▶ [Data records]
**********
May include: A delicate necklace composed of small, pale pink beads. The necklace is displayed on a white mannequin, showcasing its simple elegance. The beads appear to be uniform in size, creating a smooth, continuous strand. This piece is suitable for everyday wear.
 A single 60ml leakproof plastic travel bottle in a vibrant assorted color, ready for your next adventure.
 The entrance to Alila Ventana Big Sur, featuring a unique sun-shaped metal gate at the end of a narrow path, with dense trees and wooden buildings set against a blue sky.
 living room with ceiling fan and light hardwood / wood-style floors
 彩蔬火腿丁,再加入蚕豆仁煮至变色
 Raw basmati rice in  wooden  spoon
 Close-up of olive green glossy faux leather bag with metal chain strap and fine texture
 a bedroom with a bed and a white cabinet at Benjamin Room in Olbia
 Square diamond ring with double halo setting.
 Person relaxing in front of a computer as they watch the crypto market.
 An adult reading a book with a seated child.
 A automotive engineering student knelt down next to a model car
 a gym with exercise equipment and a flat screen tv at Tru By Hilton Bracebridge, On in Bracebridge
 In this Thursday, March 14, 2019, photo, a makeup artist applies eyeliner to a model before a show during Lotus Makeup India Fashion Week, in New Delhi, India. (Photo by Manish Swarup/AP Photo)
**********
▶ [To do]
Out of the data above, transcribe exactly and only the lines starting with the line that has "Raw basmati rice" and going on through the line that has "a gym with exercise", both included.

▶ [Output of the task]
 Raw basmati rice in  wooden  spoon
 Close-up of olive green glossy faux leather bag with metal chain strap and fine texture
 a bedroom with a bed and a white cabinet at Benjamin Room in Olbia
 Square diamond ring with double halo setting.
 Person relaxing in front of a computer as they watch the crypto market.
 An adult reading a book with a seated child.
 A automotive engineering student knelt down next to a model car
 a gym with exercise equipment and a flat screen tv at Tru By Hilton Bracebridge, On in Bracebridge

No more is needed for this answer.